Despite guidelines encouraging the inclusion of PWID for HCV assessment and treatment on a case by case basis (22), treatment uptake remains low in this population (23, 24). Barriers to HCV assessment and treatment uptake are multi-factorial and include issues at the level of the patient, practitioner, and system (25). Toxicity of interferon-based therapy (26, 27), lack of knowledge about HCV infection and competing patient health and social priorities(23, 25), health care providers concern about adherence to therapy (28-31) and suboptimal HCV treatment structure (32, 33) have been frequently cited as factors contributing to low HCV assessment and treatment uptake. However, methodological issues, small study samples and inconsistency in assessment tools have brought discrepancies across previous findings, highlighting the need to better understand a broader range of factors associated with HCV assessment and treatment uptake.
Taken together, little is known about the long term impact of chronic HCV infection on morbidities and mortality risk and little is known about factors associated with HCV assessment, treatment uptake and predictors of response to therapy among PWID. This project aims to address these issues as main barriers to enhanced HCV treatment in this population.

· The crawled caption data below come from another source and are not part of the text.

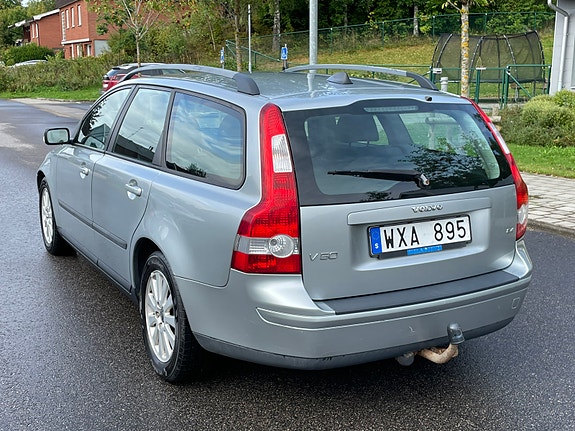Volvo V50 4 of 7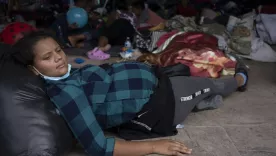 Una mujer de 20 años, embarazada de seis meses, en el campamento de migrantes de Reynosa, Tamaulipas, México.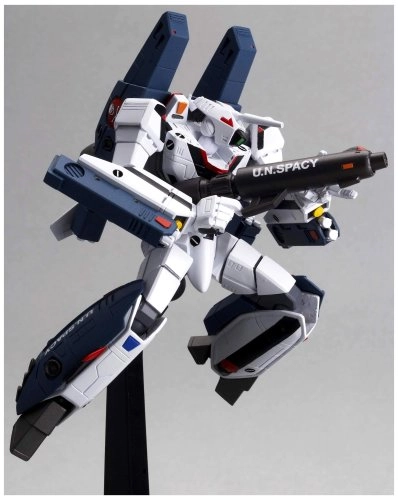Revoltech 038 Macross VF-1A Super Valkyrie Ichijo Hikaru - 19.41 x 14.4 x 6.81 cm Plastic Metal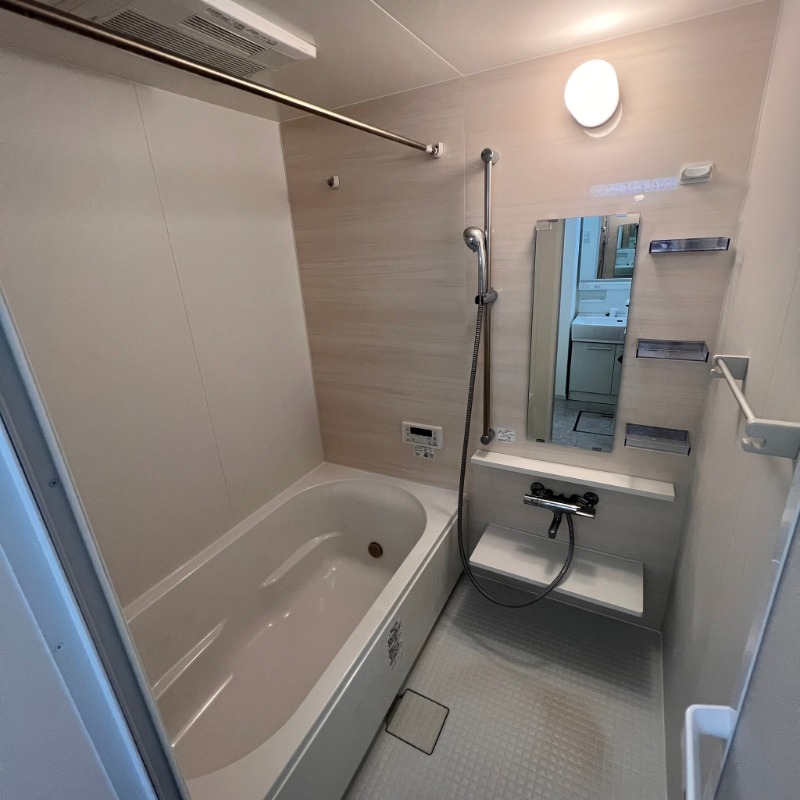 シャワールーム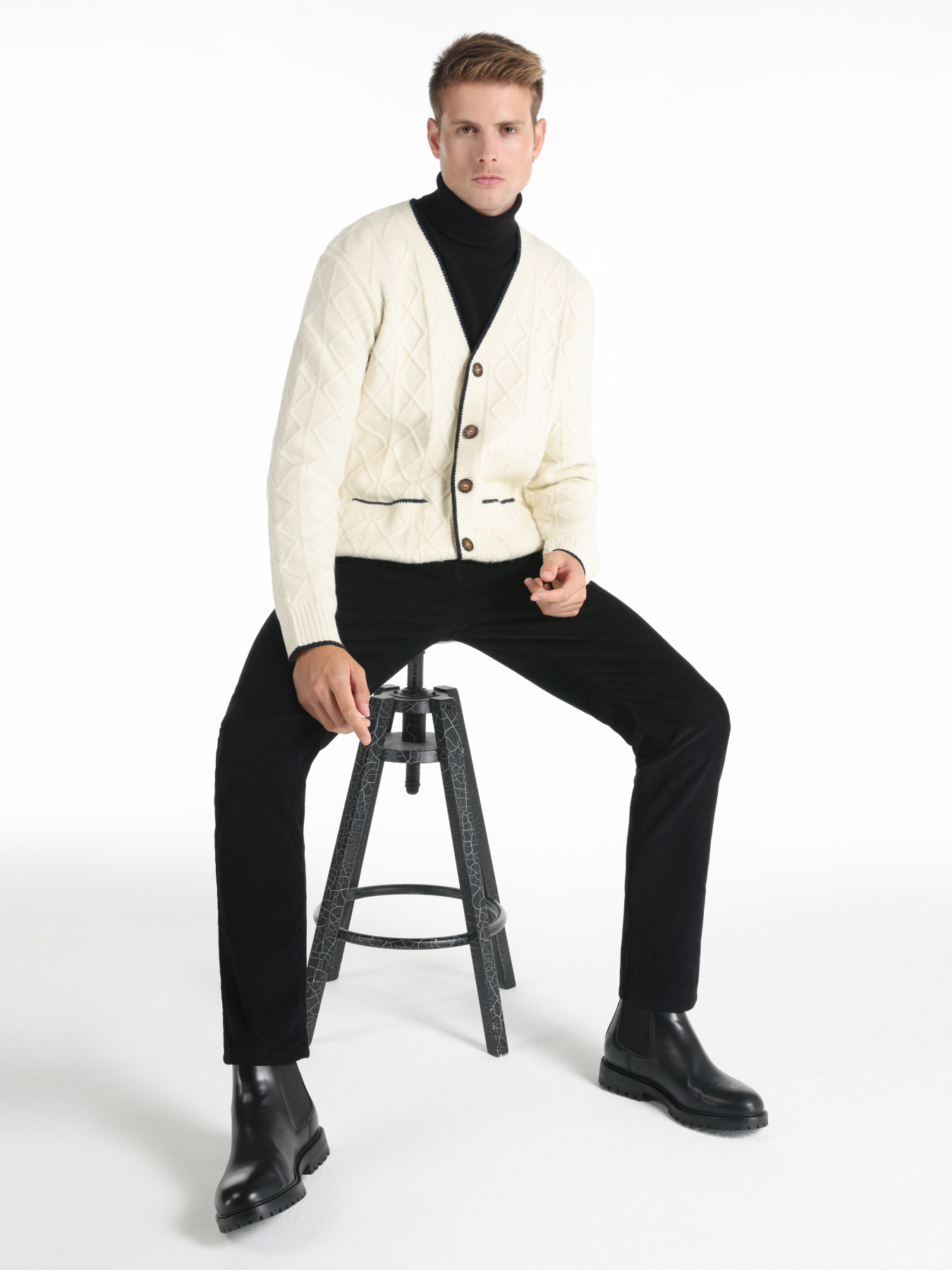 Худи и свитшоты Colin’s модель CL1066297_Q1.V1_OFW Фото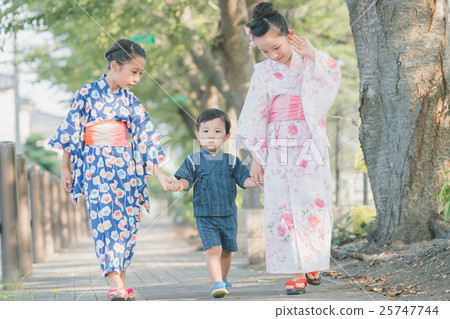 yukata, jinbei, younger 25747744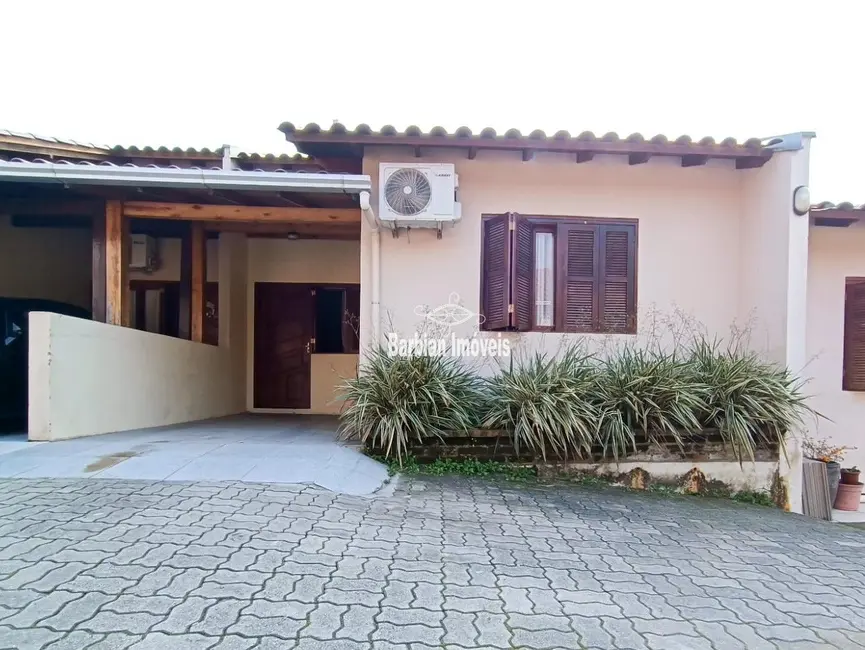 Foto 1 de Casa com 2 quartos à venda, 50m2 em Ana Nery, Santa Cruz Do Sul - RS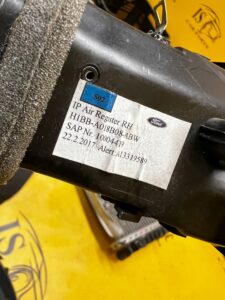 KRATKA NAWIEWU PRZÓD PRAWY PRAWA FORD PUMA MK2 FIESTA MK8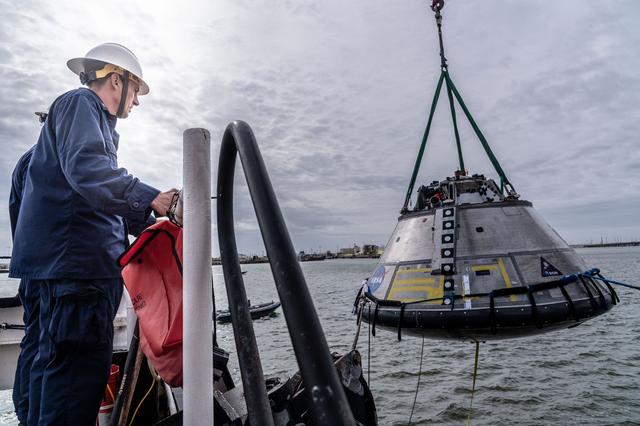 NASA image: Orion's Crew Module Uprighting System Test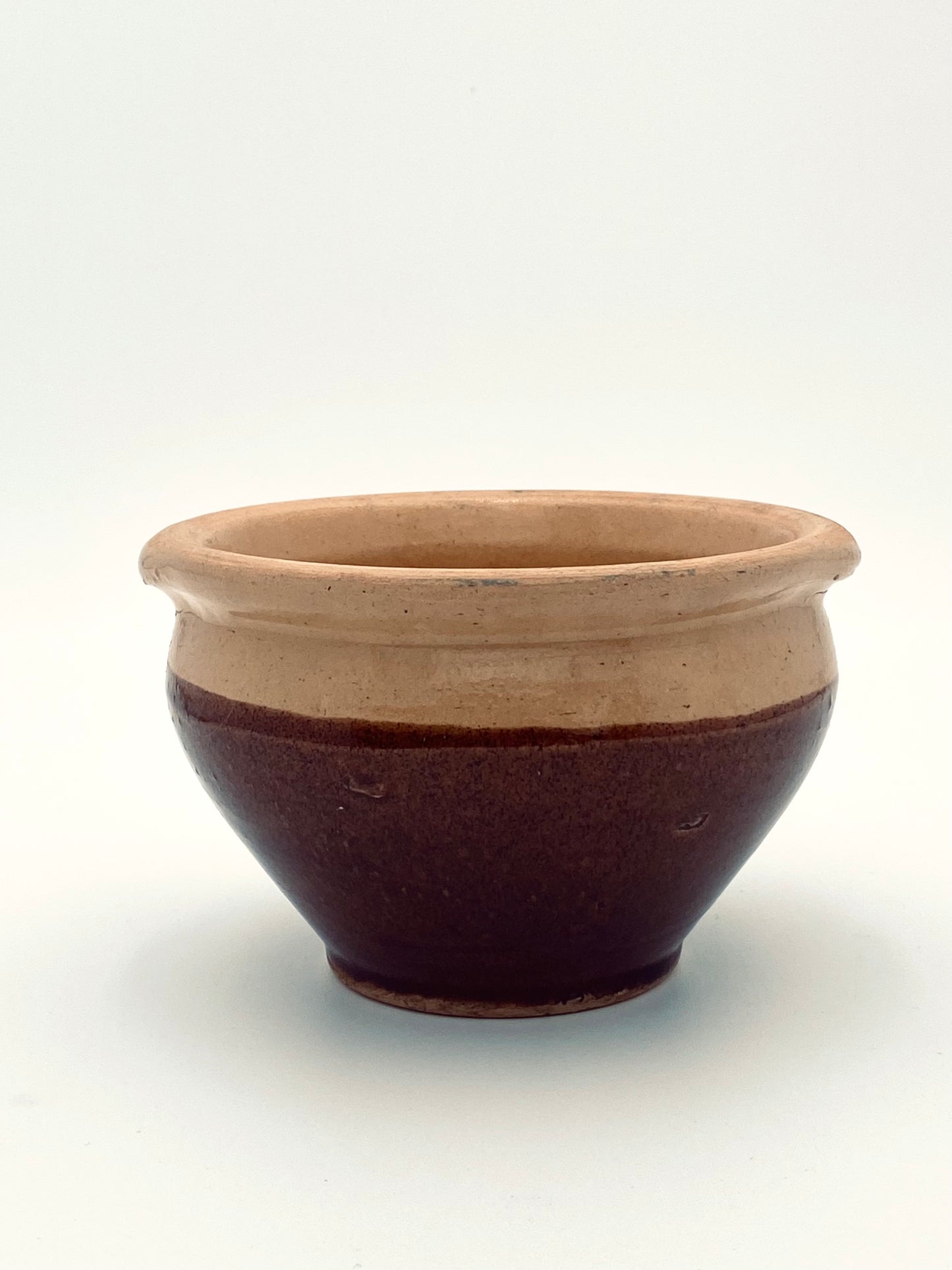 Le bol brune et jaune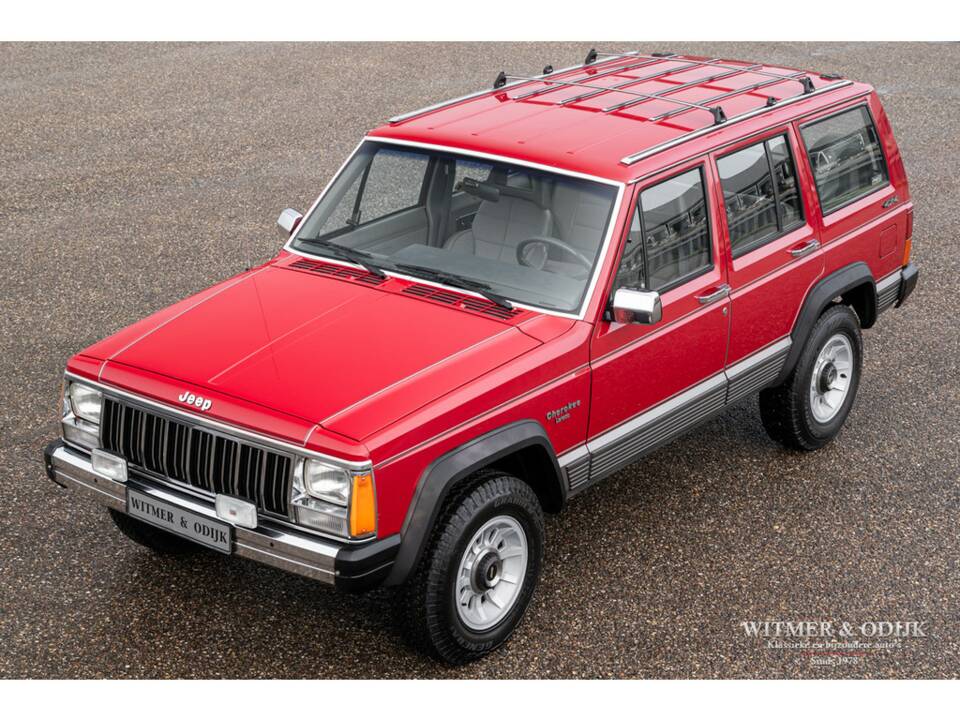 Image 2/27 of Jeep Cherokee (1988)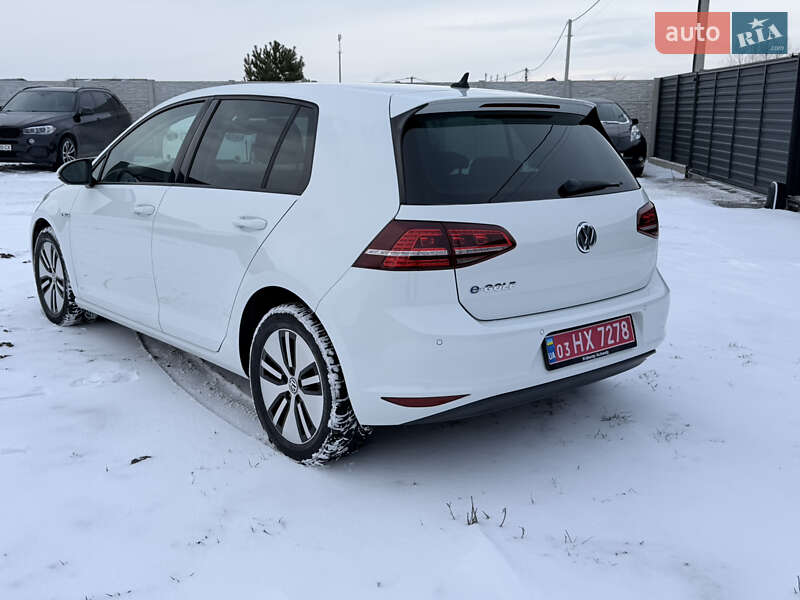 Хетчбек Volkswagen e-Golf 2015 в Рівному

This project aims to assess the long term impact of chronic HCV infection on morbidities and mortality risk, as well as investigate factors associated with hepatitis C (HCV) assessment, treatment uptake and predictors of response to therapy among people who inject drugs (PWID). The overall goal is to explore and address the main barriers to enhanced HCV treatment in PWID.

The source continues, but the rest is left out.